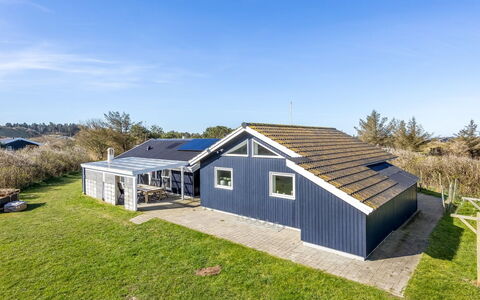 Halona - 400M from the Sea: Holz, Zuhause, Veranda, Deck, Hartholz, Dach, Holzbeize, Holzboden, Eco Hotel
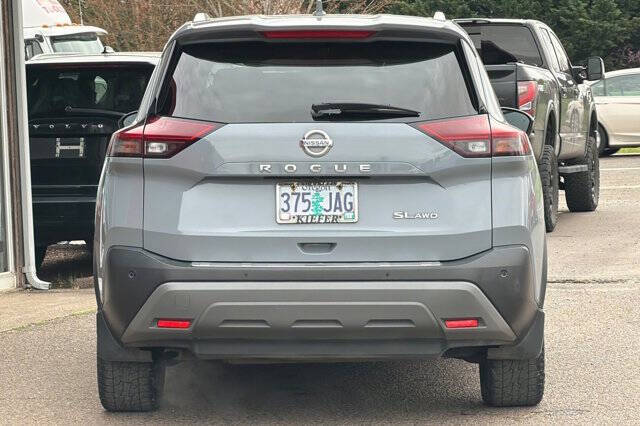 2021 Nissan Rogue SL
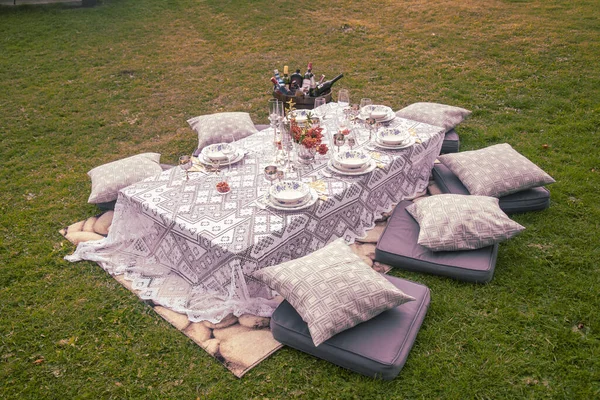 Table Mariage Joliment Décorée Confortable Sur Herbe — Photo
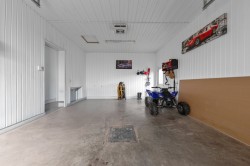Garage - 
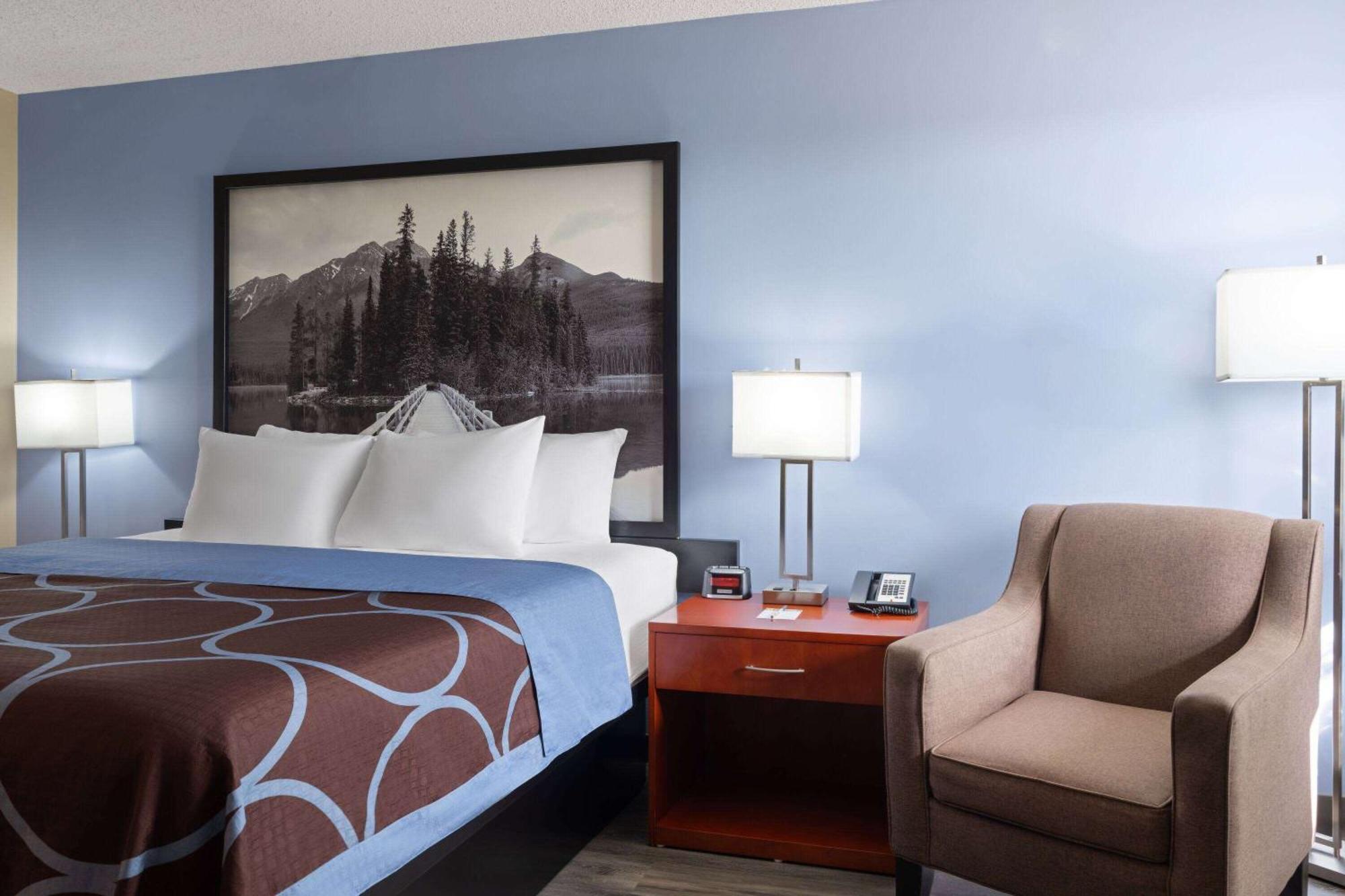 Super 8 By Wyndham Sherwood Park/Edmonton Area Exterior photo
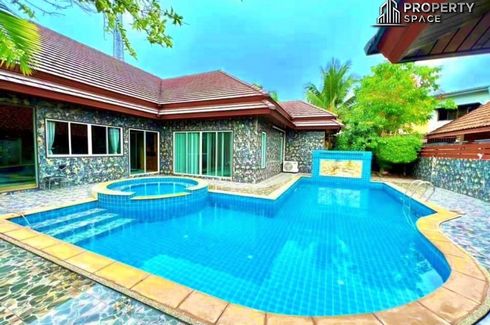 3 Bedroom Villa for sale in Na Kluea, Chonburi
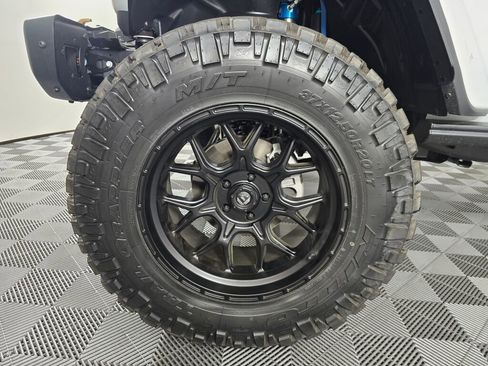 New 2025 Jeep Wrangler Unlimited Rubicon 392 image 10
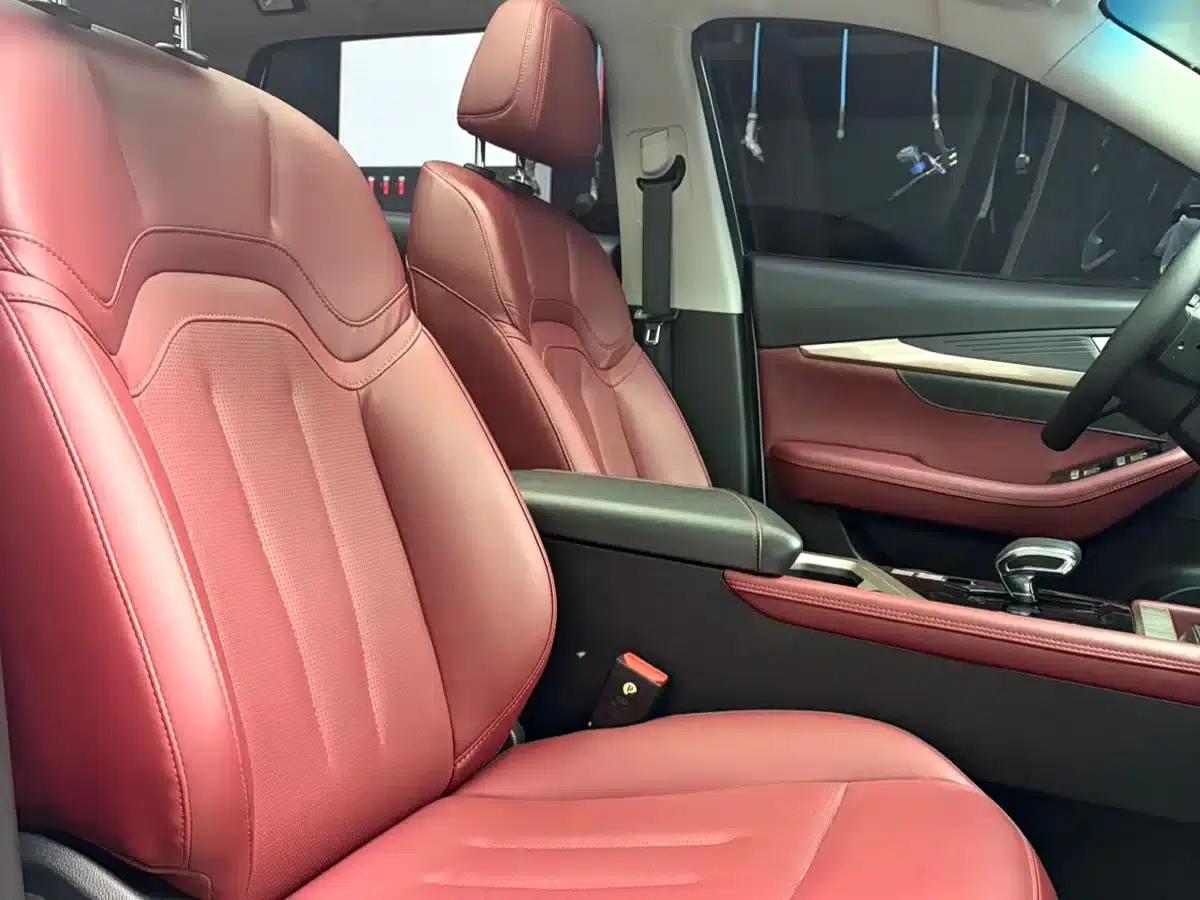 Jetour X70 PRO 2023 1.5T DCT Comfort Edition 7-seater — миниатюра 12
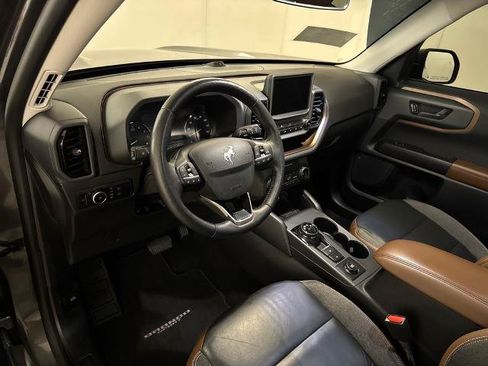 Certified 2023 Ford Bronco Sport Outer Banks w/ Tech Package AWD/4WD image 5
......
== REQUIRED WORK ==
From the first line to the last, return the records exactly and leave the pictures behind.

== WRITTEN SOLUTION ==
 Halona - 400M from the Sea: Holz, Zuhause, Veranda, Deck, Hartholz, Dach, Holzbeize, Holzboden, Eco Hotel
 2021 Nissan Rogue SL
 Table Mariage Joliment Décorée Confortable Sur Herbe — Photo
Garage - 
 Super 8 By Wyndham Sherwood Park/Edmonton Area Exterior photo
 3 Bedroom Villa for sale in Na Kluea, Chonburi
 New 2025 Jeep Wrangler Unlimited Rubicon 392 image 10
 Jetour X70 PRO 2023 1.5T DCT Comfort Edition 7-seater — миниатюра 12
 Certified 2023 Ford Bronco Sport Outer Banks w/ Tech Package AWD/4WD image 5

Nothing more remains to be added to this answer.